Am Montag, 22. März 2004 19:30 schrieb Sven Hoexter:
> On Mon, Mar 22, 2004 at 06:57:39PM +0100, Giacomo Mulas wrote:
> > 	There is a \begin{sarcasm} nice \end{sarcasm} article in
> > linuxworld Australia (see
> > http://www.linuxworld.com.au/index.php/id;1607539824;fp;2;fpid;1) which,
> > among other things, claims that "Debian (Debian GNU/Linux) has left
> > vulnerabilities there and didn't release any patches for them". 

Imho this article is about 90% percent correct - 95% percent if you ignore the 
marketing waste.
5% not, because the article put specific facts into general. The debian 
distribution in whole is an easy target for hackers. The point is: If you 
want to built a secure operating system you have to know exactly what you are 
doing. What are the current vuln of the program I'm currently installing? 
What do I have to do to work around them? Are there any known bugs? What does 
the changelog say about these version? Have all fixes been backported to 
debian?
The mozilla problem is one of the best examples what debian is into. If you 
trust in the ability of the debian project to release a secure distribution 
you are a fool!

But the point is: what's the alternative? If $big_fat_distributer is crippled 
by its own release policy or profit making intention - they will _NEVER_ be 
secure.
Debian might be more secure, if they recognise, that security gathered 
importance.
btw. There was / is / won't be any absolutly secure operating system, covering 
the needs of an ordinary modern server.

>
> Well a week ago or so we had a longer discussion here about open bugs left
> in the ancient mozilla version in woody.
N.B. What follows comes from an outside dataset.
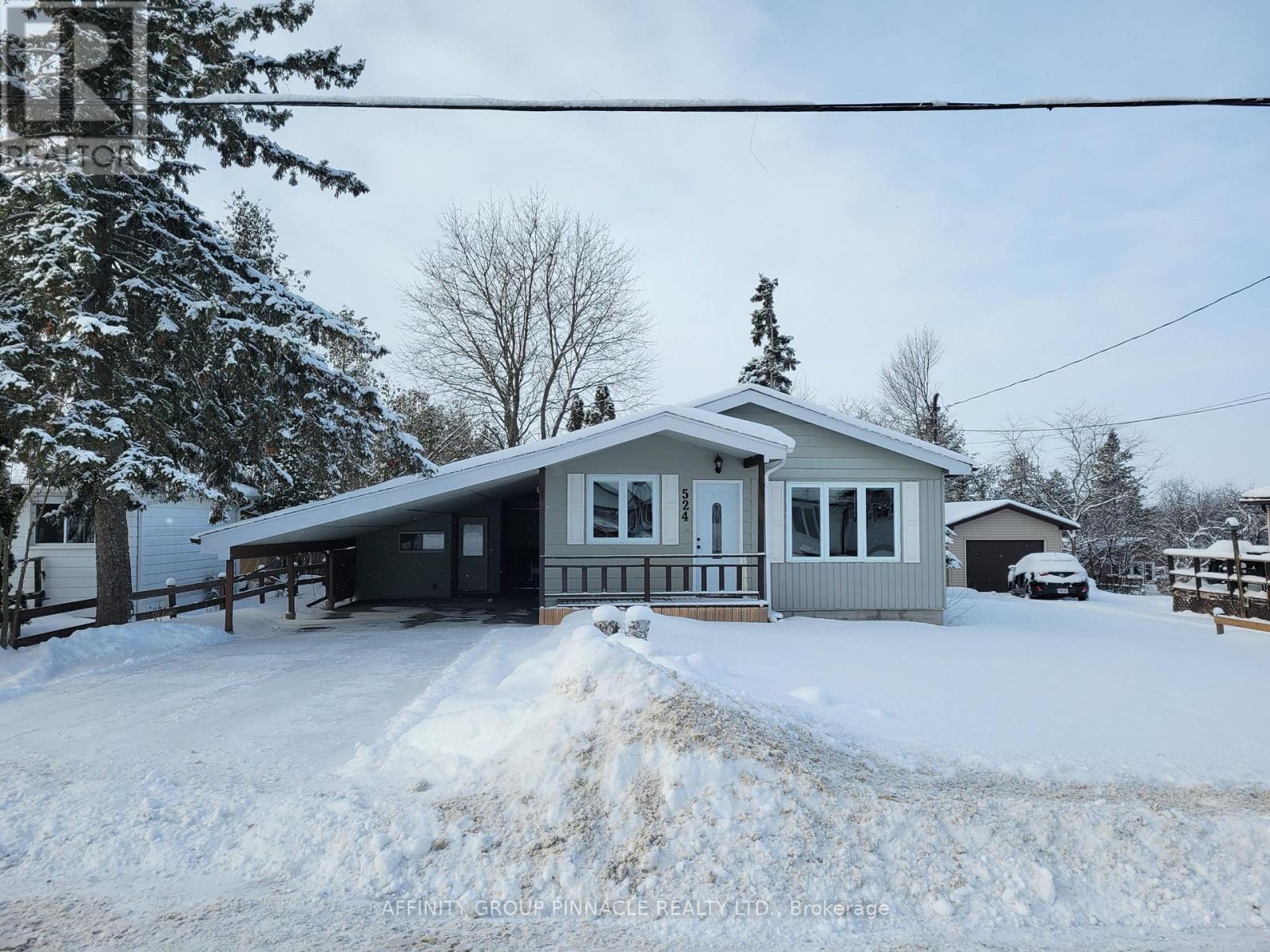 524 SARAH STREET, Brock, Ontario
discussion without conclusion I must admit - sadly.
It might be to necessary to file as many rc-bugs to the current packages 
(mozilla, cron e.g.) as possibly. Thus debian-sarge might never be releases 
(who want to release sarge with 1000-2000 sec. bugs - it might be worth the 
effort).
It it's done that way, the leadership of the project will have to decide, 
whether they want to ignore sec. aspects and release sarge by as many 
laughter as neccessary or change the release policy or never release sarge.

Sadly - I don't have access to secret information (cve, etc.) which would be 
needed to do so.

> That's the only example I know but that doesn't mean much.

Cron is another example - the be honest, the debian security team seems to be 
crippled by the debian release policy.
Because of this policy debian stable is insecure by definition.